→ **WHAT IS REQUIRED**
What is needed is a word-for-word copy of the lines below from the one with "Brandon Pant Black Rigid" through the one with "TANIA | Strickcardigan", both included, with every picture left out.

→ **GIVEN DATA**
┏━━

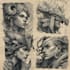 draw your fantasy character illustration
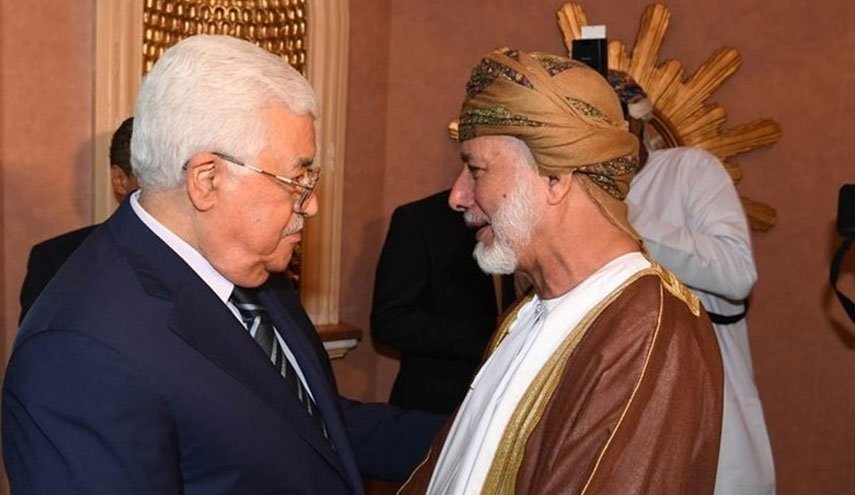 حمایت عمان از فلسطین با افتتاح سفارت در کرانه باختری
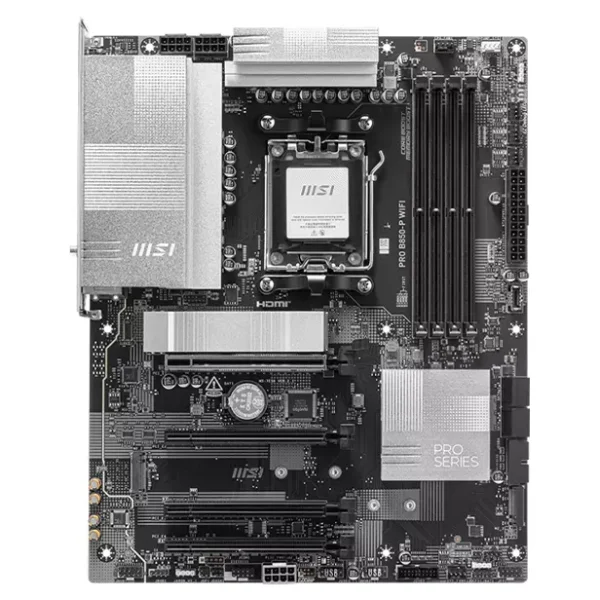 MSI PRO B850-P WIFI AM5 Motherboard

┗━━
┏━━

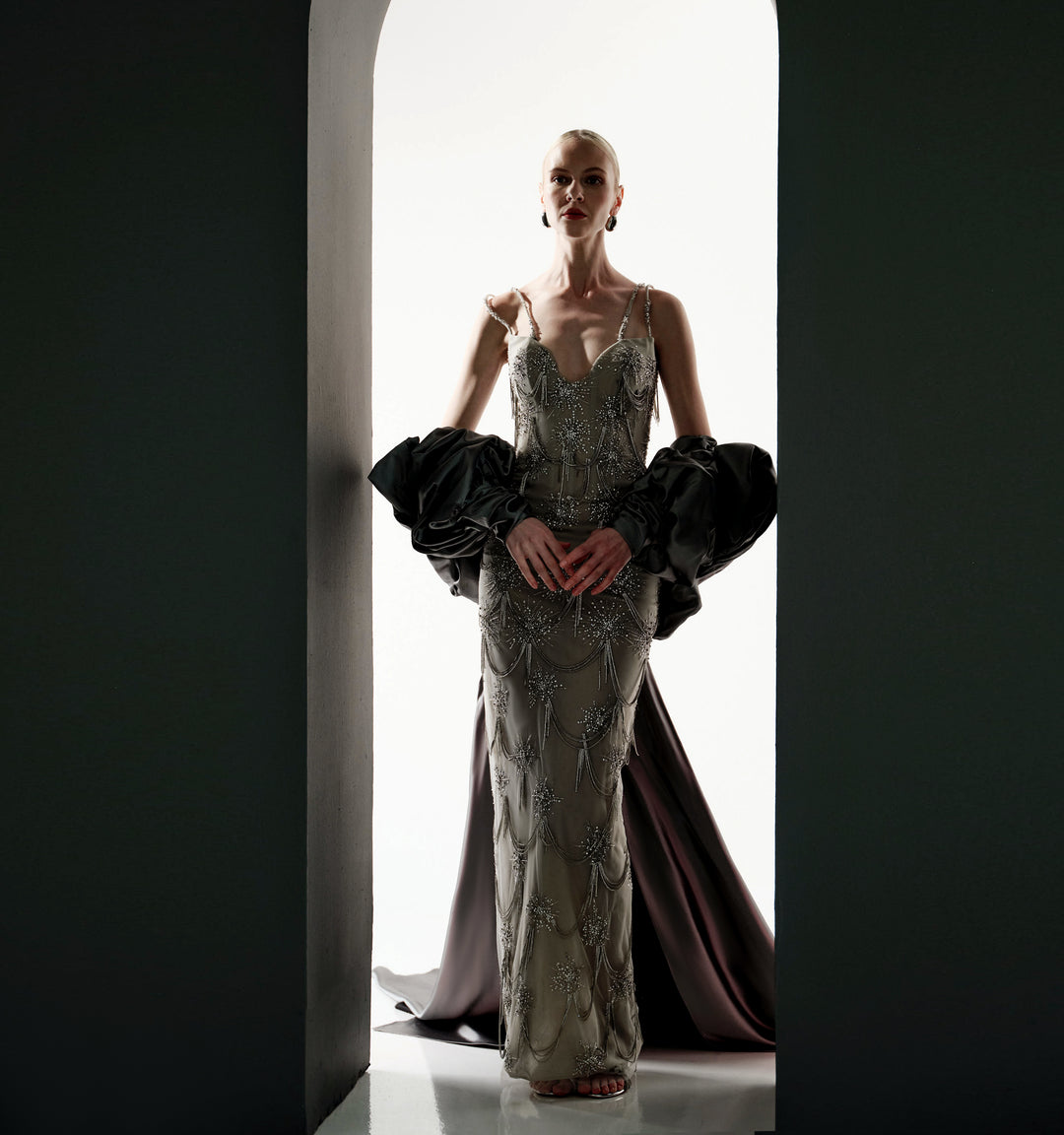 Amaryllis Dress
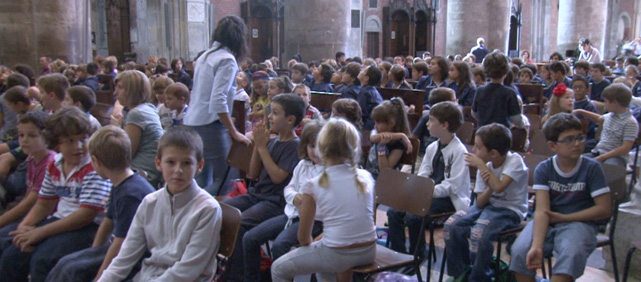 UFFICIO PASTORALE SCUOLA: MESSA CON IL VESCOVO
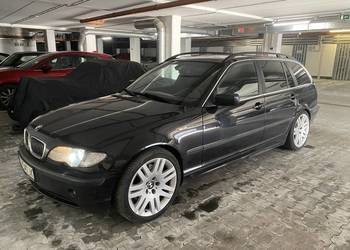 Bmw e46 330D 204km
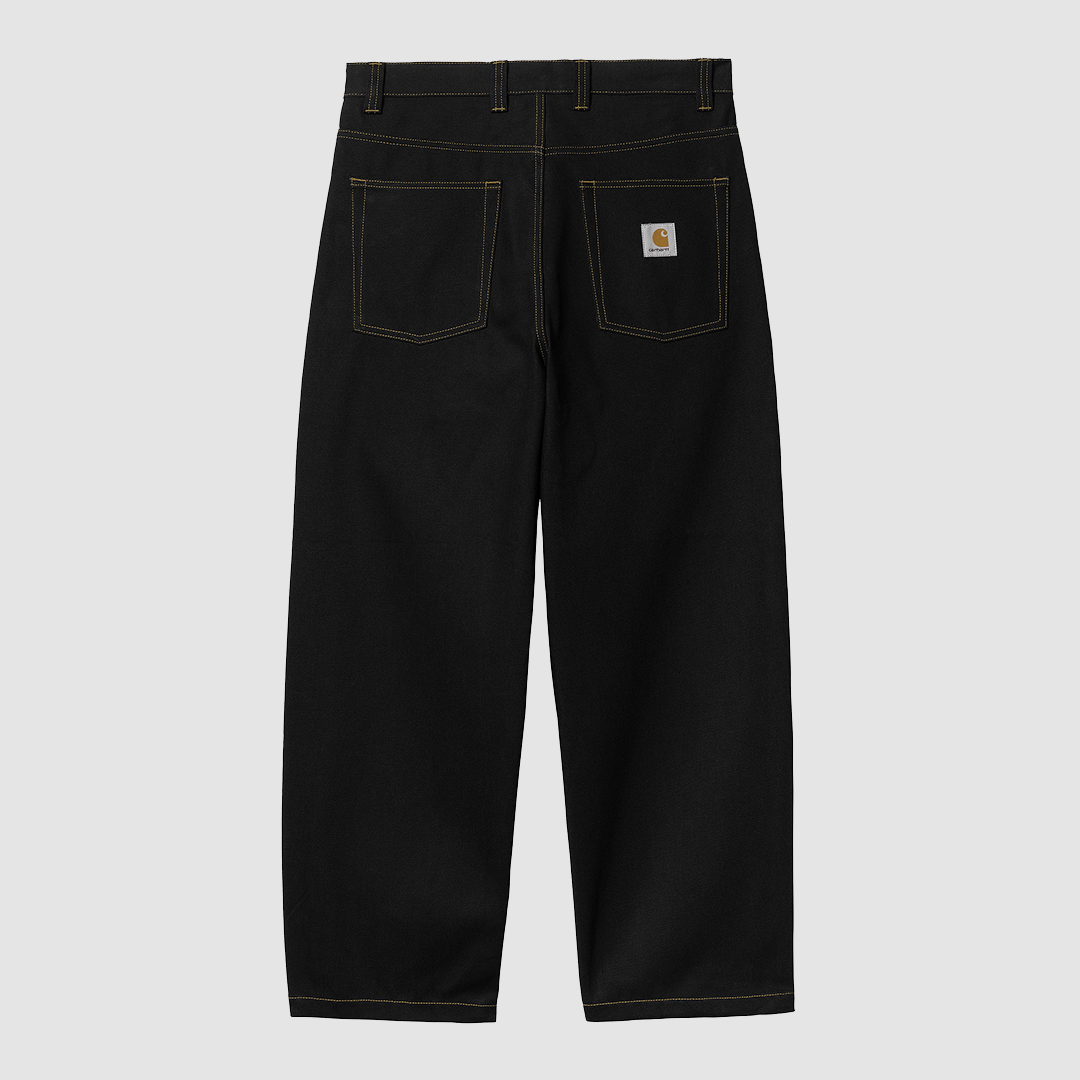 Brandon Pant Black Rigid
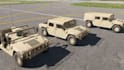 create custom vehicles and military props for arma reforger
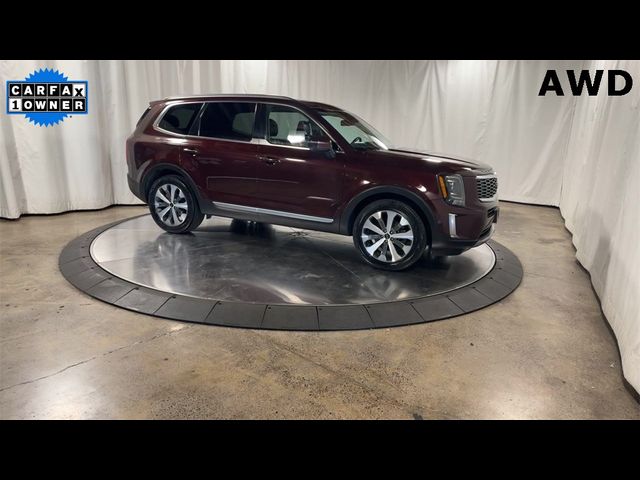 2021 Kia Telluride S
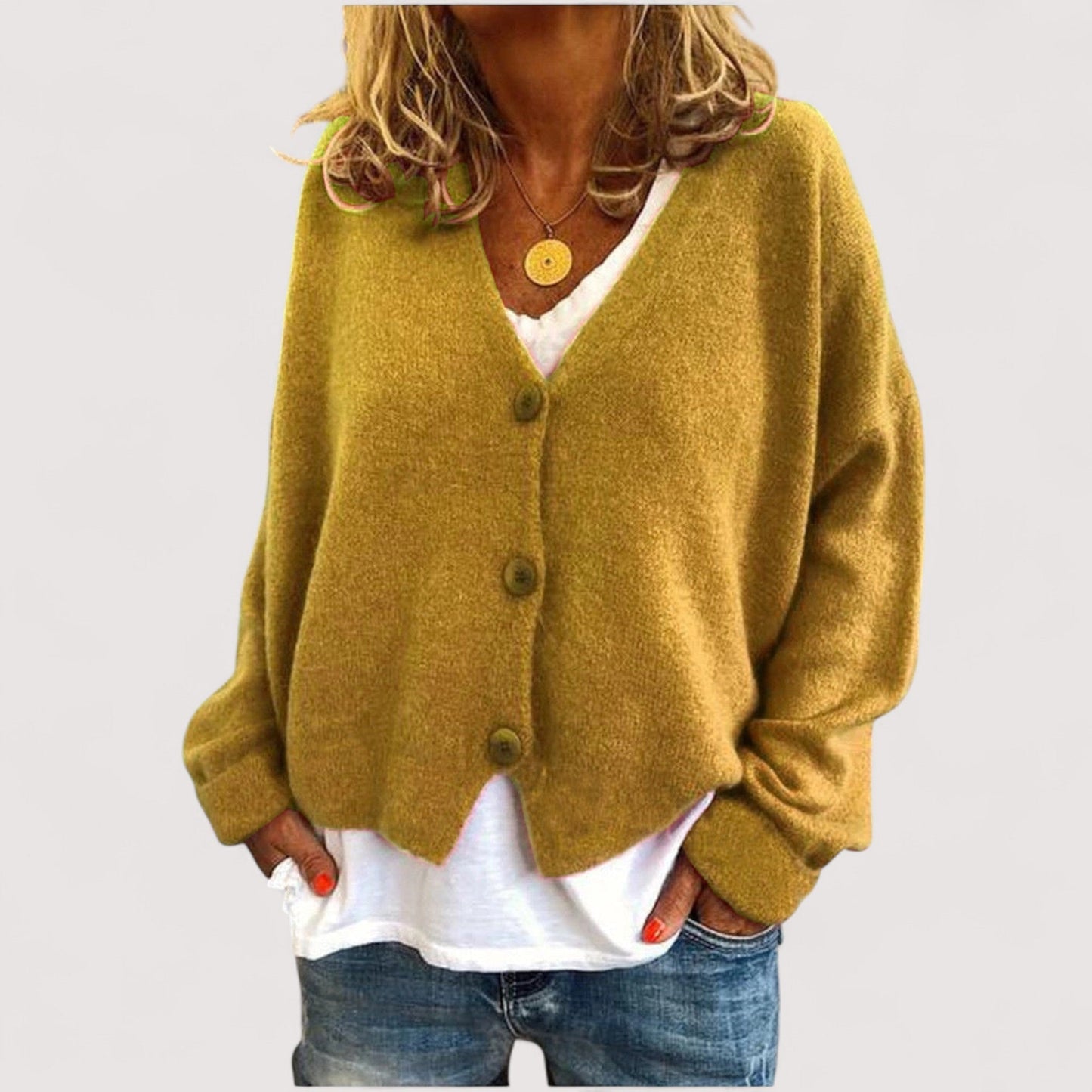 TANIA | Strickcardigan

┗━━

→ **EXPECTED ANSWER**
 Brandon Pant Black Rigid
 create custom vehicles and military props for arma reforger
 2021 Kia Telluride S
 TANIA | Strickcardigan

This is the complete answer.